== Task to complete ==
How many of the lines below have the word "Volkswagen" in them? The answer is that number and nothing more.

== Provided data ==
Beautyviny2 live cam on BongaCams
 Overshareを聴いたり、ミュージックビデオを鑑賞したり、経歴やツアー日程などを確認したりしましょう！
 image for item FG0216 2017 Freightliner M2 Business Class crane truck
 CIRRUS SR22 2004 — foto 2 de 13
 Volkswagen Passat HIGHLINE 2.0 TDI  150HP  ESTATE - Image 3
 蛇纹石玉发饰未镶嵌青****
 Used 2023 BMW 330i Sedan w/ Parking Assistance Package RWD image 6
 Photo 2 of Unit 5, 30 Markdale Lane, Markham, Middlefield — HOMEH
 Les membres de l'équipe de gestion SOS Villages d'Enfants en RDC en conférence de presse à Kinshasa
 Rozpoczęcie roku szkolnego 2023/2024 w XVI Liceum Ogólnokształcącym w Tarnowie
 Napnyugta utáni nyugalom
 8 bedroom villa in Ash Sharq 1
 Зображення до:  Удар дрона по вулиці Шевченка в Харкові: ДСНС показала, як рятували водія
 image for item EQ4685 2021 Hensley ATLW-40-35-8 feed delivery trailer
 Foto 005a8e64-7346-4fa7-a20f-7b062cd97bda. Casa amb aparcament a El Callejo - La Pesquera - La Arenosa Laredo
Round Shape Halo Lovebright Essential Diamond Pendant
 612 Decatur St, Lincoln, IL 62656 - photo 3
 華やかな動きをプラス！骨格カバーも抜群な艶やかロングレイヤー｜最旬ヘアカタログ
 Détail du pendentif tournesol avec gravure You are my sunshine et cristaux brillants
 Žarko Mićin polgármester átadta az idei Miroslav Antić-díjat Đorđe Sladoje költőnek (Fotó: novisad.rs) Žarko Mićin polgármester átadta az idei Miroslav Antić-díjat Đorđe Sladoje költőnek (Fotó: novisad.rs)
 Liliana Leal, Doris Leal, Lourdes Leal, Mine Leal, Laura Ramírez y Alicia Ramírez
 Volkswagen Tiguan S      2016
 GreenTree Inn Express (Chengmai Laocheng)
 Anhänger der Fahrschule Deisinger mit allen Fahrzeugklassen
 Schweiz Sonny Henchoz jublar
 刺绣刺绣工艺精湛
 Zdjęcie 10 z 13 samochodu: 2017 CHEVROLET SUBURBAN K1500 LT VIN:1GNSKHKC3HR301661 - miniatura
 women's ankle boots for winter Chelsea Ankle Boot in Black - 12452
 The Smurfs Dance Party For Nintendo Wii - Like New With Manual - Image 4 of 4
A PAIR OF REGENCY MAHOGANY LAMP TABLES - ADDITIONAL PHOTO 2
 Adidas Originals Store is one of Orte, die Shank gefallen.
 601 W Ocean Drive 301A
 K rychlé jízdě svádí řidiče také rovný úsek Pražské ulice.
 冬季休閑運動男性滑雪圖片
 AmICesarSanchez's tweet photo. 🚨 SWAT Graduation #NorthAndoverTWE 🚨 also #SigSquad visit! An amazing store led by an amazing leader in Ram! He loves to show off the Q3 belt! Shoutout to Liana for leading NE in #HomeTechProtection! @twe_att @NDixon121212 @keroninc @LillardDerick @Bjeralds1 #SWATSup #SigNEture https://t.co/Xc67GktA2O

== Worked solution ==
2